**What you are asked to do**
Write out exactly the lines from the one containing "Lilac Purple Silk Woven Patola Saree" to the end of the material, both ends included, and nothing else. Leave pictures out.

**Dataset records**

++++++++++++++++++++

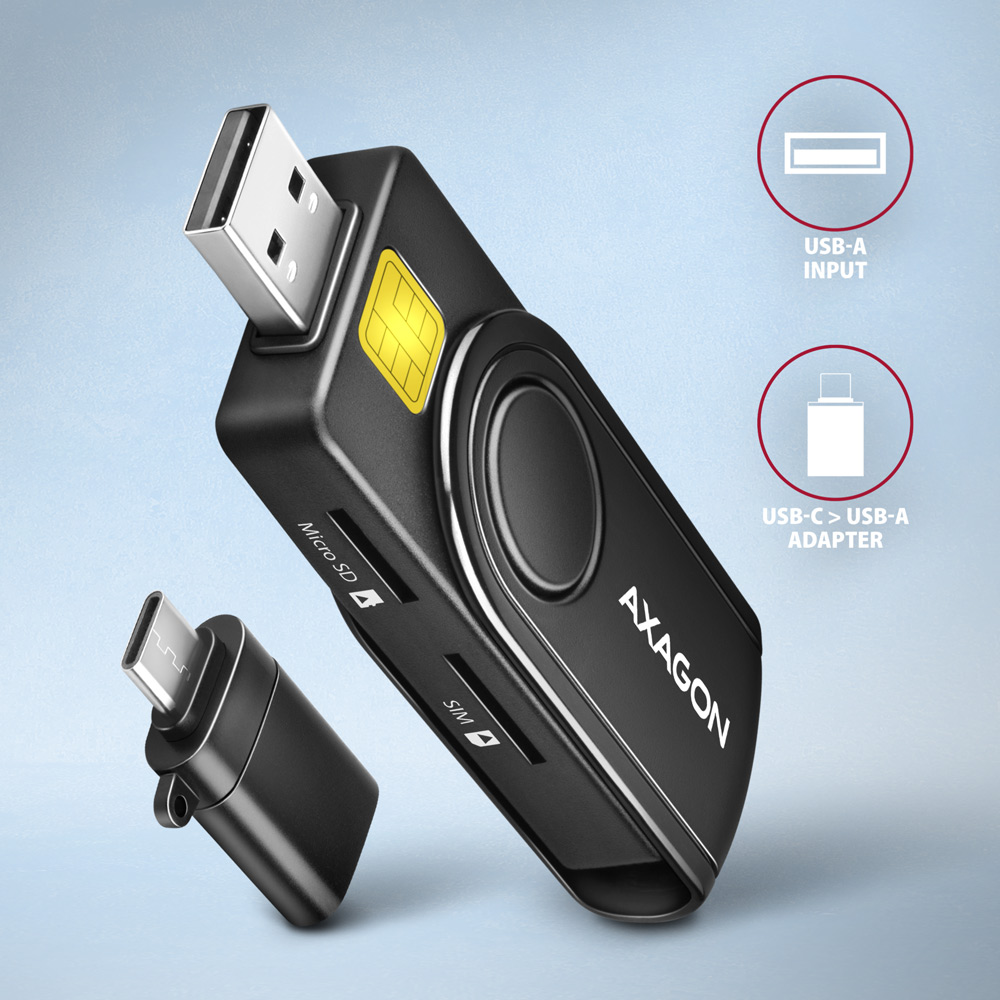 AXAGON Compact travel USB-A + USB-C contact Smart/ID card and SD/microSD/SIM card reader | CRE-SMP2A - Image 6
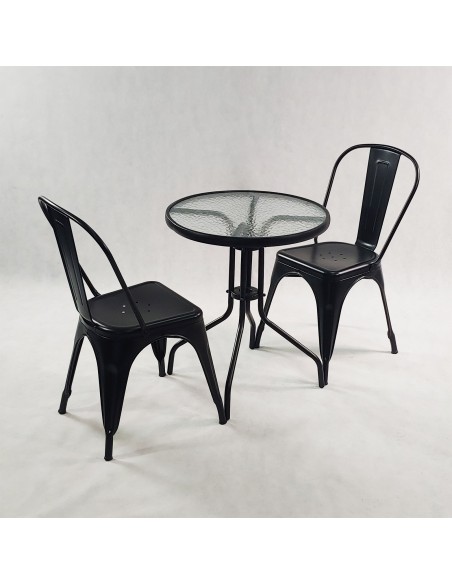 Zestaw stół BISTRO czarny i 2 czarne krzesła metalowe PARIS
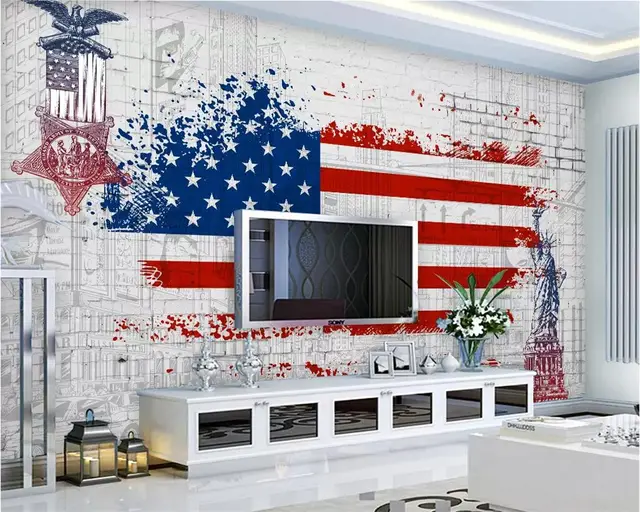 Us 8 85 41 Off Beibehang Custom Wallpaper Retro American Flag Graffiti Tv Background Walls Home Decor Living Room Bedroom Mural 3d Wallpaper In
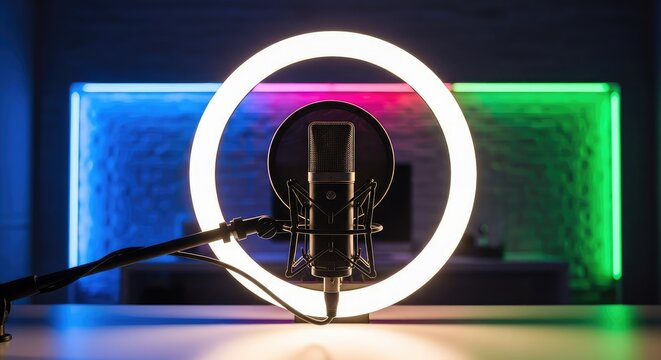 A professional microphone positioned in front of a glowing ring light within a modern workspace featuring vibrant neon background glow, content creation, online, table
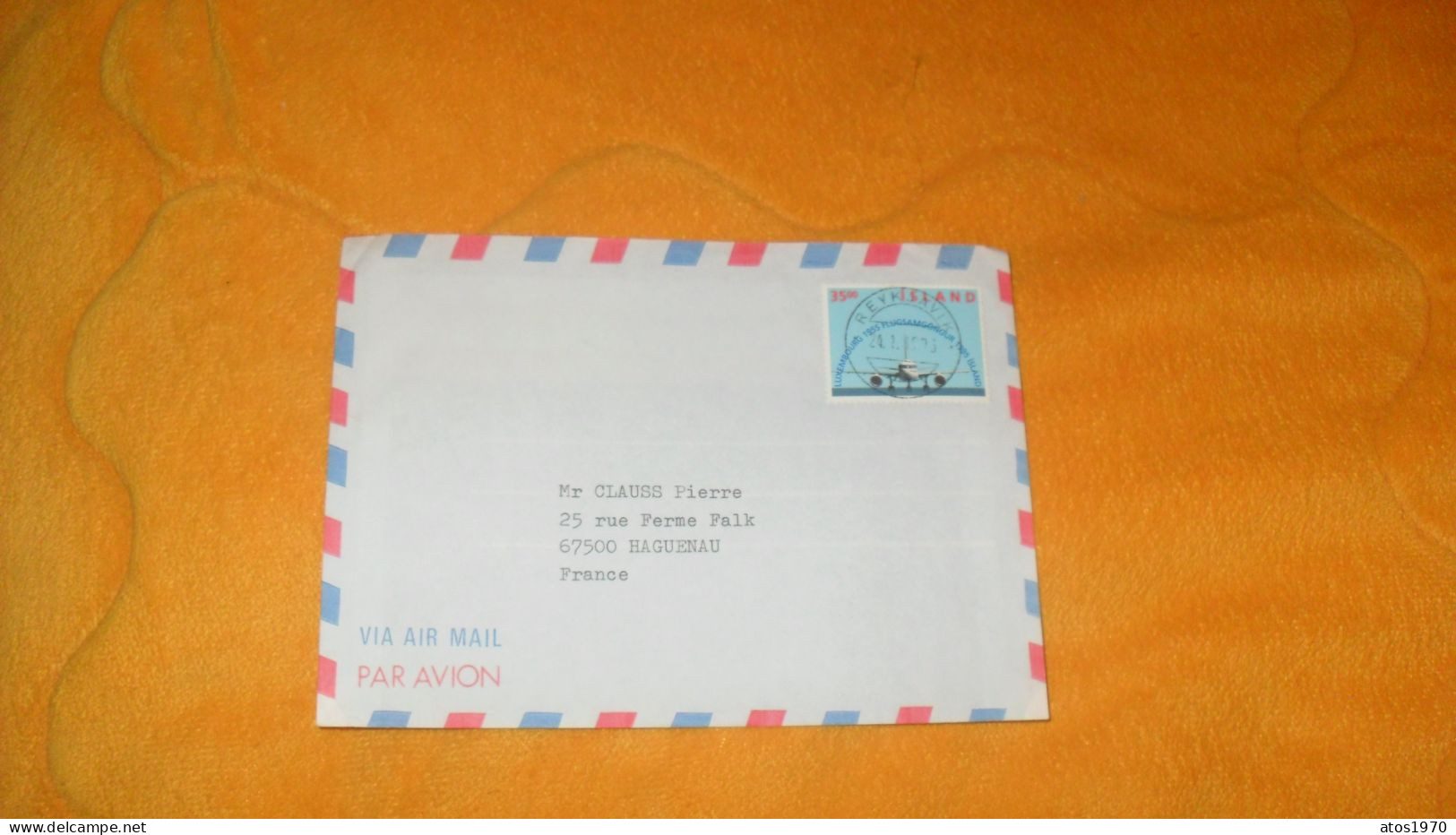 ENVELOPPE DE 1995../ CACHETS REYKJAVIK ISLAND POUR HAGUENAU FRANCE + TIMBRE - Storia Postale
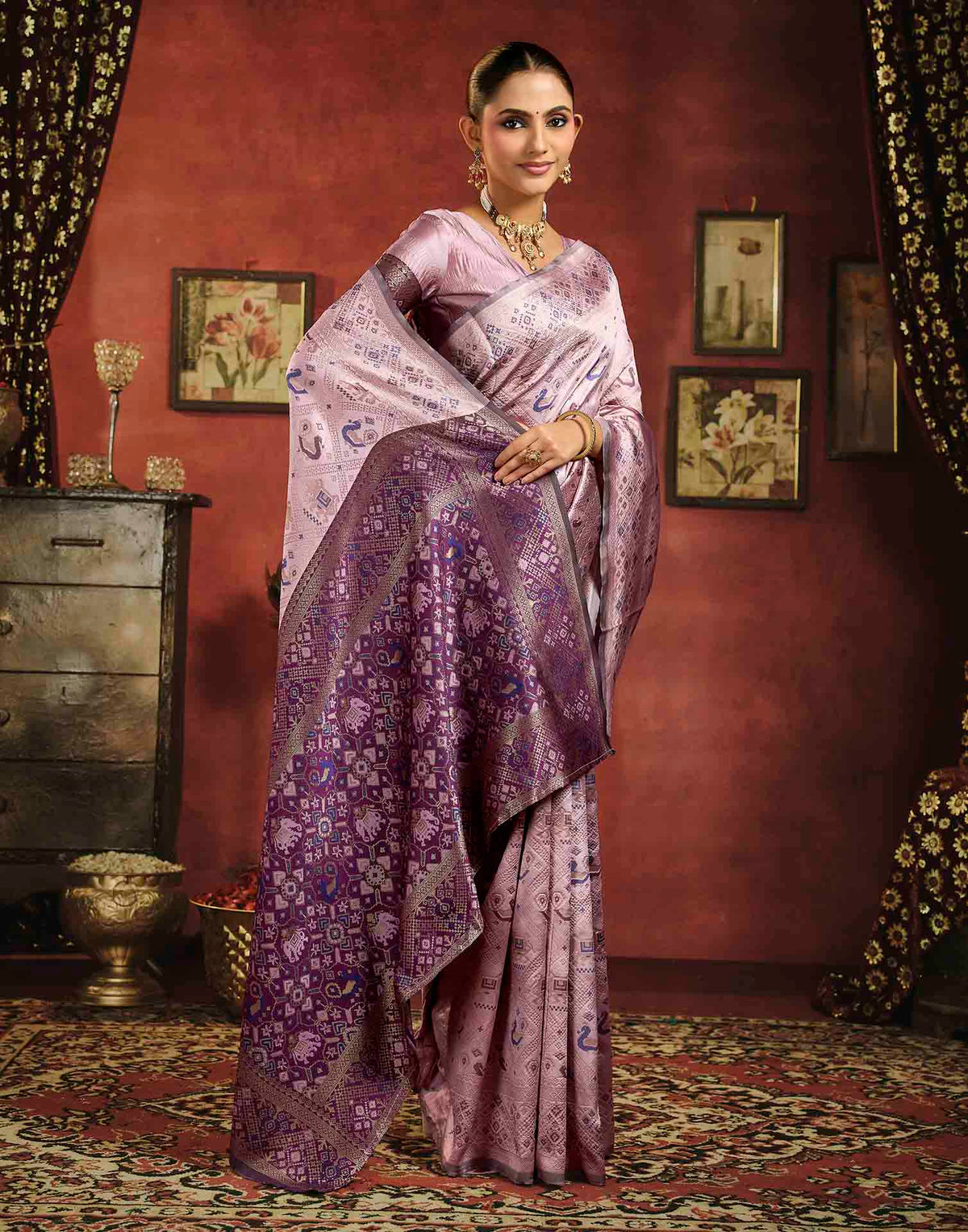 Lilac Purple Silk Woven Patola Saree
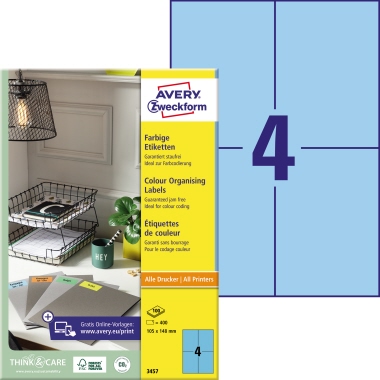 Etikett Avery Zweckform 3457 105x148mm blau 400 St.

++++++++++++++++++++

**Written answer**
 Lilac Purple Silk Woven Patola Saree
 Etikett Avery Zweckform 3457 105x148mm blau 400 St.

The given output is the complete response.